WHAT THE TASK ASKS: Beginning with the first line, retype exactly the records below up to and including the line with "New 2026 RAM"; pictures do not belong in the copy.

SUPPLIED DATA:
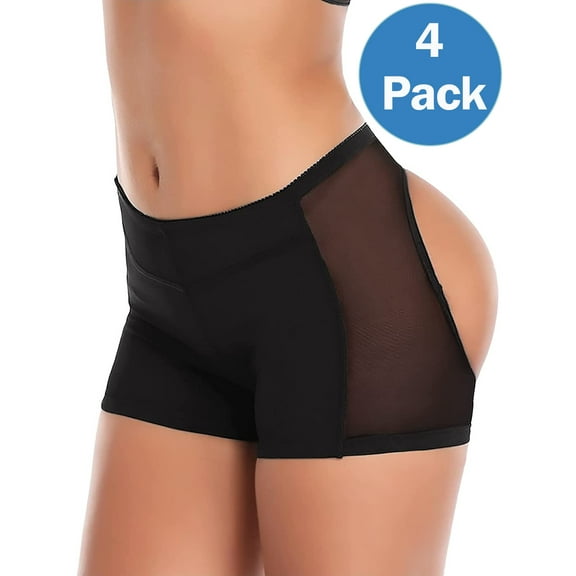 Manifique 4 Packs Women's Butt Lifter Body Shaper Enhancer Panties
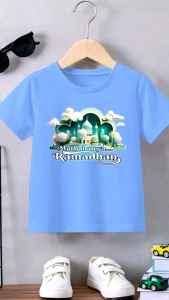 KAOS EID MUBAROK/KAOS MARHABAN/KAOS LEBARAN/KAOS ANAK LAKI LAKI/KAOS ANAK PEREMPUAN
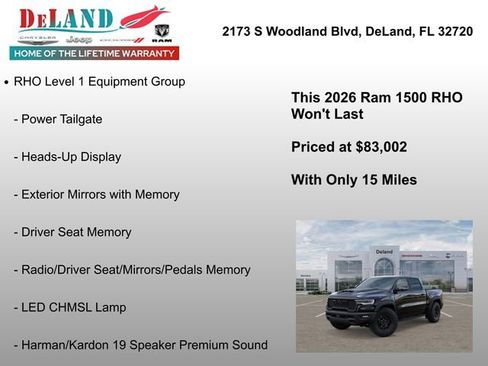 New 2026 RAM 1500 RHO w/ RHO Level 1 Equipment Group image 18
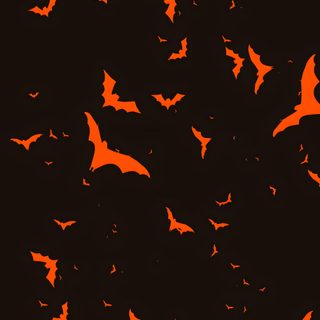 many bats flying in the night sky with orange glow on their wings and black background Halloween Bats Flying Eevee, Spooky Background, Iphone Background Quote, Halloween Iphone Backgrounds, black
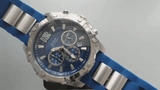 Buy Shop Guess Sport Multifunction Blue Dial Blue Rubber Strap Watch For Men - W0167G3 USA Online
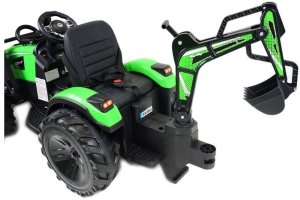 MEGA TRAKTOR Z ŁADOWARKĄ,KOPARKĄ, PRZYCZEPĄ 24 V SUPER-MOC OLBRZYMI 21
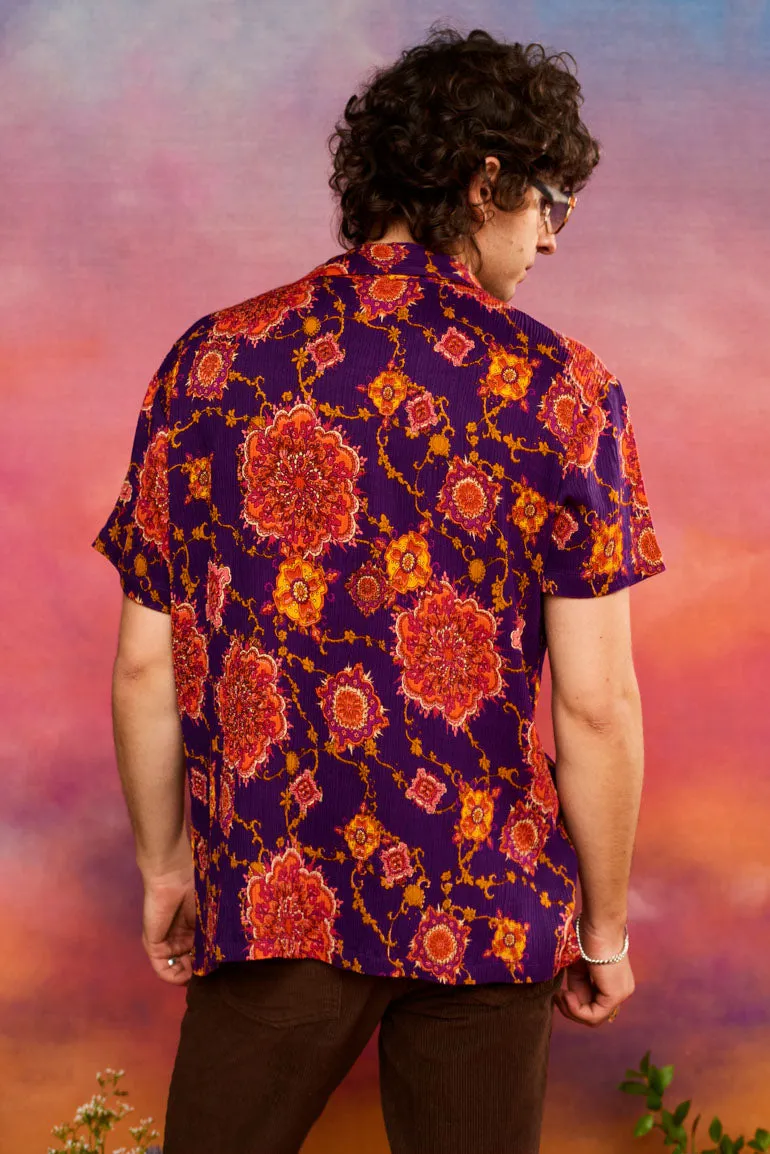 Day After Day Mandala Short Sleeve Shirt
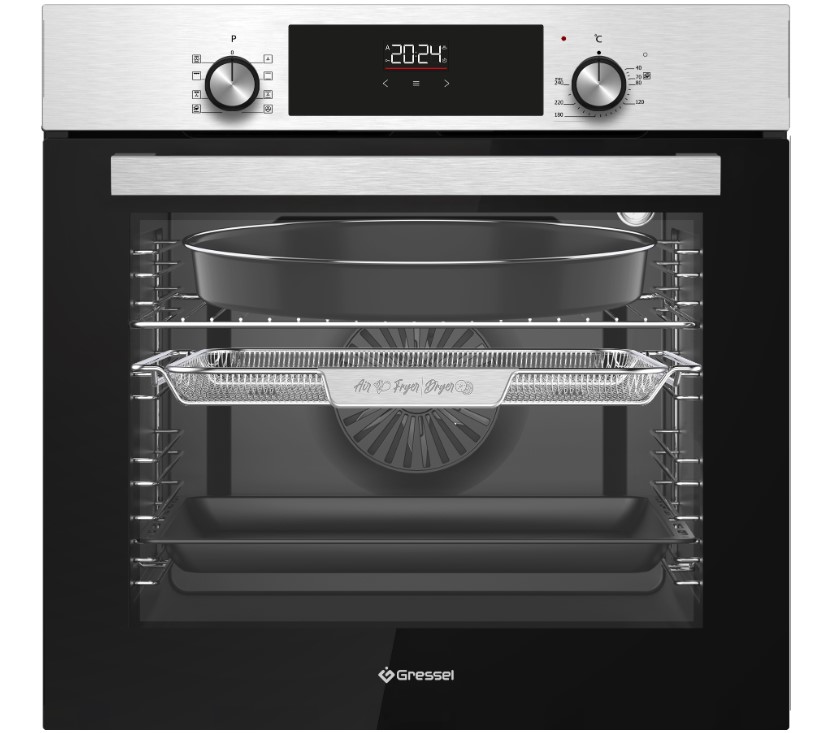 9284762 Электрический духовой шкаф Gressel RU677EM69050 серебристый STDN-0076410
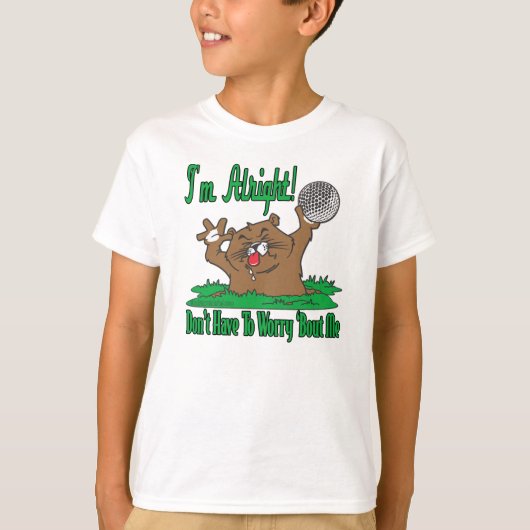 Gopher en de Golfbal T-shirt (Voorkant)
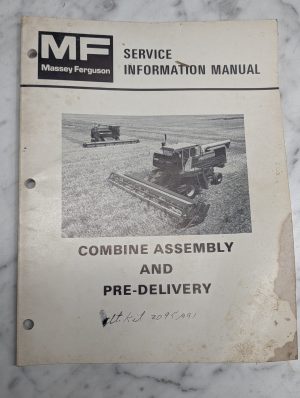 Massey Ferguson Mf Service Information Manual Combine Assembly Pre-Delivery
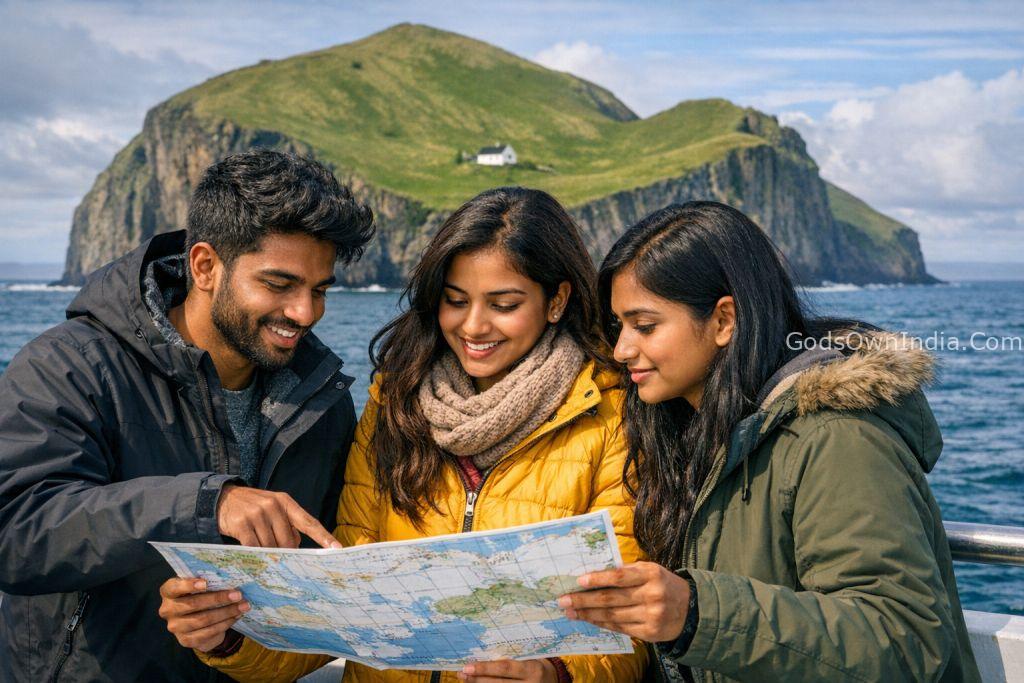 Travel blogger reflecting on the mystery of Elliðaey Island.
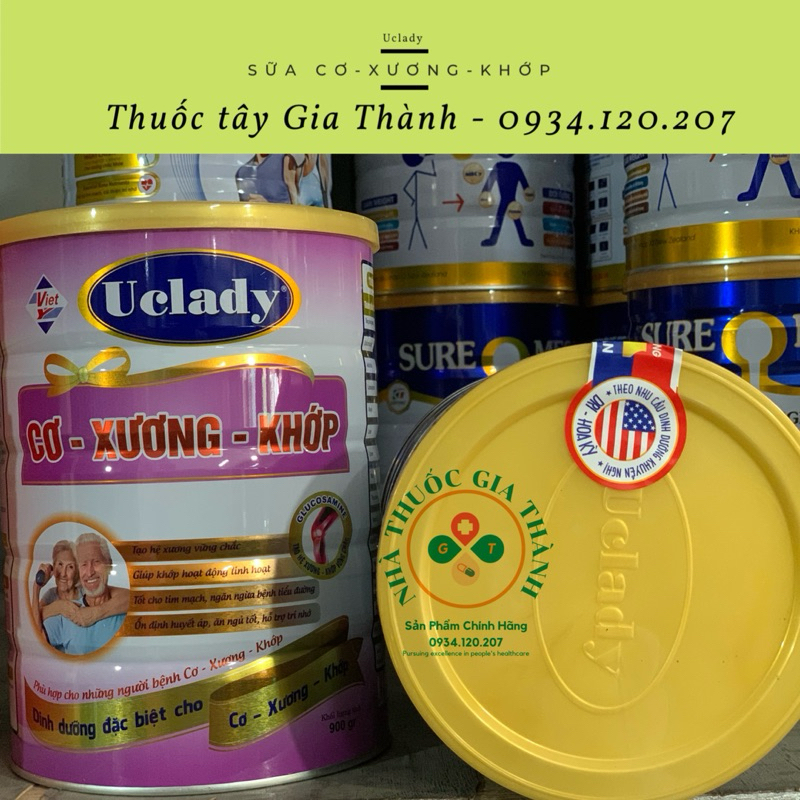 Sữa CƠ-XƯƠNG-KHỚP UCLADY - Hộp 900g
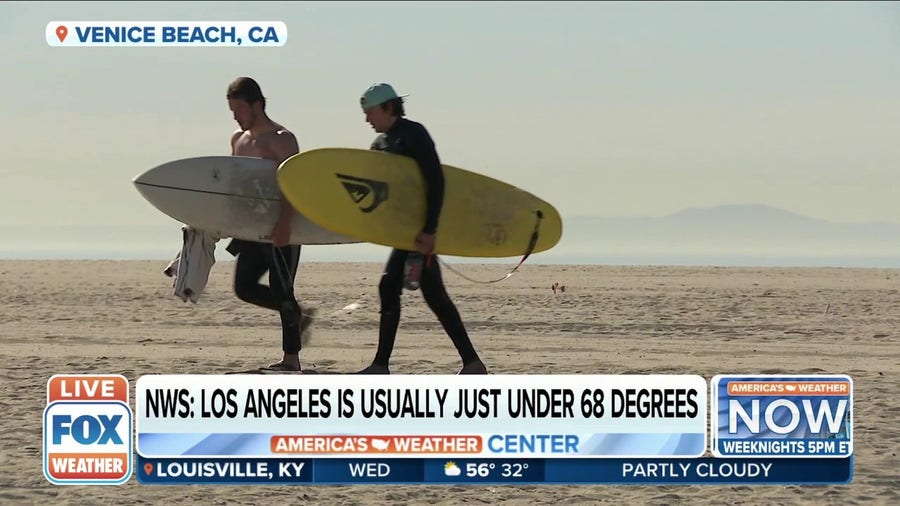 California recording temperatures close to 90 during winter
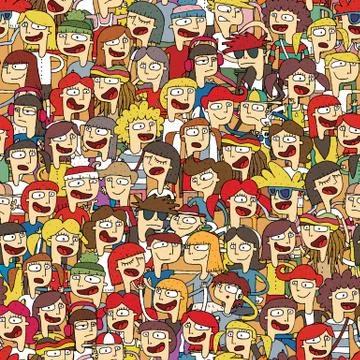 Singing children choir seamless pattern Stock Illustration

EXPECTED ANSWER:
 Manifique 4 Packs Women's Butt Lifter Body Shaper Enhancer Panties
 KAOS EID MUBAROK/KAOS MARHABAN/KAOS LEBARAN/KAOS ANAK LAKI LAKI/KAOS ANAK PEREMPUAN
 New 2026 RAM 1500 RHO w/ RHO Level 1 Equipment Group image 18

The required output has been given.